At the time of her suspension, the District did not have a formal policy regarding addressing students by their preferred names and pronouns. Instead, the District suspended Ricard under its general policies relating to bullying by staff. Shortly after returning from her suspension, the middle school’s principal sent out training documents mandating that teachers refer to students by their preferred names and pronouns and stating that failing to do so would constitute discrimination that could subject the teacher to discipline.
Ricard appealed her suspension to the District’s superintendent and Board of Education. And several times during her appeal, Ricard requested a religious accommodation due to her beliefs as a Christian, arguing that she believes sex is fixed at the moment of conception and that forcing her to use a student’s preferred name or pronouns violates her religious beliefs. Ultimately, the Board of Education voted unanimously to affirm Ricard’s suspension and written reprimand, as well as to deny her request for a religious accommodation. Thereafter, the Board of Education adopted a new District-wide policy mandating the use of students’ preferred names and pronouns and preventing employees from communicating a student’s preferred name and pronouns to the student’s parents unless requested by the student.
As part of her lawsuit, Ricard claimed that the District’s Board of Education, superintendent, and the middle school’s principal retaliated against her for expressing her First Amendment rights, violated her First Amendment rights to free speech and free exercise of religion, violated the unconstitutional conditions doctrine, deprived her of due process and equal protection of the law, and breached their employment contract with her.

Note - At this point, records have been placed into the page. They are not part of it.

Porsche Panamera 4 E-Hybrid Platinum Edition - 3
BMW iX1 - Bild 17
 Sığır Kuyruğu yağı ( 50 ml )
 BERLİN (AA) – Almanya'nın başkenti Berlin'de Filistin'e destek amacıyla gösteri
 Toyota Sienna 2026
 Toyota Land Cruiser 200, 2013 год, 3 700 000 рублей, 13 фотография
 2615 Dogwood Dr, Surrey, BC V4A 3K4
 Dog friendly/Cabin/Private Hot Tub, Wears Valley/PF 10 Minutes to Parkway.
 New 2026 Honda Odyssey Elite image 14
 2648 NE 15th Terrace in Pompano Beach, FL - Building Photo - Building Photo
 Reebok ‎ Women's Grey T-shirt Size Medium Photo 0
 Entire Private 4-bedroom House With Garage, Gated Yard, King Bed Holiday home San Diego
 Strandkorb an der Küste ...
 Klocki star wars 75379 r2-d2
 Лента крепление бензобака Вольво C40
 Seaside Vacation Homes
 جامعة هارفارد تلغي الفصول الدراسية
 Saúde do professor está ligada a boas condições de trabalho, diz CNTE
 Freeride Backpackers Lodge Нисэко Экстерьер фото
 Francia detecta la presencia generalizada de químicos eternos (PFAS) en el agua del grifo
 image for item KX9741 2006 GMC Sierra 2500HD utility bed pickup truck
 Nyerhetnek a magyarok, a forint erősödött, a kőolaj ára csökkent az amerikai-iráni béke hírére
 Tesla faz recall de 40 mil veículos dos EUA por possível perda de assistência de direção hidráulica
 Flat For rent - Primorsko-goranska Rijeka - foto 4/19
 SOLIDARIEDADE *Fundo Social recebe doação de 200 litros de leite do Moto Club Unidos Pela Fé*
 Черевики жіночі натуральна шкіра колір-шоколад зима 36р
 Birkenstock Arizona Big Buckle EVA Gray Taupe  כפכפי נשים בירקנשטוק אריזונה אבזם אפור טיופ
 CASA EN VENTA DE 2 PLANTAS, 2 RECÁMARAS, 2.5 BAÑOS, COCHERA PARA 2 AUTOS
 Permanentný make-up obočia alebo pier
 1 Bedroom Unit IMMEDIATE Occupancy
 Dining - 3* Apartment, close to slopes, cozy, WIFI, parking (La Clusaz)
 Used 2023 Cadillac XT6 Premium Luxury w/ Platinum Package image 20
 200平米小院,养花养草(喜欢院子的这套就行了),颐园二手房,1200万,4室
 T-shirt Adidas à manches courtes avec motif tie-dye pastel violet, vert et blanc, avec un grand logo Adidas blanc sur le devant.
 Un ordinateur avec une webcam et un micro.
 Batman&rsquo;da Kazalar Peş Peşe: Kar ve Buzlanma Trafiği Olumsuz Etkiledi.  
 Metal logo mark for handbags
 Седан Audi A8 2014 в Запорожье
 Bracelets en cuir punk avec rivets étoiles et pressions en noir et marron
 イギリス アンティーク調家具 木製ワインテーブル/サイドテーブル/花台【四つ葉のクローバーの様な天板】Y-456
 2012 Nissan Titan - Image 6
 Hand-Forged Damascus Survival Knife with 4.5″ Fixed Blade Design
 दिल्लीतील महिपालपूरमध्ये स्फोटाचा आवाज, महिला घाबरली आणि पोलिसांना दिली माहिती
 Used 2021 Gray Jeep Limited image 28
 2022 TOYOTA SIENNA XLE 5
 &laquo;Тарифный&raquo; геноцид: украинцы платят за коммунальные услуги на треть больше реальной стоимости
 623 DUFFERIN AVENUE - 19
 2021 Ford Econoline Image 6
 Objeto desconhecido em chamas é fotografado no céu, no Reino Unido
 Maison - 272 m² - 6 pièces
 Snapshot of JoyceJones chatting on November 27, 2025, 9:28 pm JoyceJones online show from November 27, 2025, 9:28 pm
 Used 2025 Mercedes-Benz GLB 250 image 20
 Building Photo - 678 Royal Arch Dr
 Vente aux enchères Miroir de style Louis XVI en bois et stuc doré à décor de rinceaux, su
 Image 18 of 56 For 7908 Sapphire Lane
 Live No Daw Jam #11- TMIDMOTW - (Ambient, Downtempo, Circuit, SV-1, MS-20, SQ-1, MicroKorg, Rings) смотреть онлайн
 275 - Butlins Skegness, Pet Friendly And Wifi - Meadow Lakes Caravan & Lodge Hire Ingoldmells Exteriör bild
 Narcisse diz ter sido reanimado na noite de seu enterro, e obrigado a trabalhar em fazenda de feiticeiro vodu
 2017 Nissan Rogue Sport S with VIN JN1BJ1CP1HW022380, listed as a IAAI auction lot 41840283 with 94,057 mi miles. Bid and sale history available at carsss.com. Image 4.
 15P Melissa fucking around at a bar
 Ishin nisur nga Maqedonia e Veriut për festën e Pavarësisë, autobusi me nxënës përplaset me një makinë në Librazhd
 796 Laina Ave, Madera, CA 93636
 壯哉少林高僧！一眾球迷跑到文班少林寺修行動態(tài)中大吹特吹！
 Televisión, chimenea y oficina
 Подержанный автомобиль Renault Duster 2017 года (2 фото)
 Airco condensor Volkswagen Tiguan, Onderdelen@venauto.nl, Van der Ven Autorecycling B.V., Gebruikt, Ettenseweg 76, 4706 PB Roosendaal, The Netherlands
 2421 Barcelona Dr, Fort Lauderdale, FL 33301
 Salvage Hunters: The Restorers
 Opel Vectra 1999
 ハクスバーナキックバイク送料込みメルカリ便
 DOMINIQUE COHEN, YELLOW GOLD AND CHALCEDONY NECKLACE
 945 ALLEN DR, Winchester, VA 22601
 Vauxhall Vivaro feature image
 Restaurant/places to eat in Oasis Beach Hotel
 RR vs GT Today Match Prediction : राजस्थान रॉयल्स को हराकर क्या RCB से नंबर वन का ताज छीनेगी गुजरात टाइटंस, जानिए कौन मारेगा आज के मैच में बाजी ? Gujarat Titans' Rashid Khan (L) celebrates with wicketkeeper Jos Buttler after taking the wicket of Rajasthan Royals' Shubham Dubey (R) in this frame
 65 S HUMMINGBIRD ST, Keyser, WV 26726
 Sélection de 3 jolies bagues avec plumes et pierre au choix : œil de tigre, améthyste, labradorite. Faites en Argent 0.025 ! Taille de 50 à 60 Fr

On August 31, 2022, Ricard’s lawyers released a statement announcing that the District had agreed to pay Ricard $95,000 for violating her First Amendment rights by suspending and reprimanding her for refusing to use a student’s preferred name and pronouns. The statement also detailed that in May 2022, the court allowed Ricard’s lawsuit to go forward, finding that she was likely to succeed on her First Amendment free exercise of religion claim, and thus granted her motion to prevent the enforcement of the District’s policy preventing employees from communicating a student’s preferred name and pronouns to the student’s parents. Moreover, as part of the settlement, the Defendants agreed to issue a statement that Ricard was in good standing and had no disciplinary actions against her at the time of her retirement in May 2022.
Is it now settled law that public employers cannot mandate the use of an employee’s preferred name and pronouns? No. This case ended in a settlement, not a judgment. But as the Geary County School District recently found out, there are potential First Amendment concerns raised by requiring public employees to use a student’s (or other employee’s) preferred name or pronouns without consideration of that employee’s sincerely held religious beliefs. Public employers should work with counsel to navigate this challenging topic.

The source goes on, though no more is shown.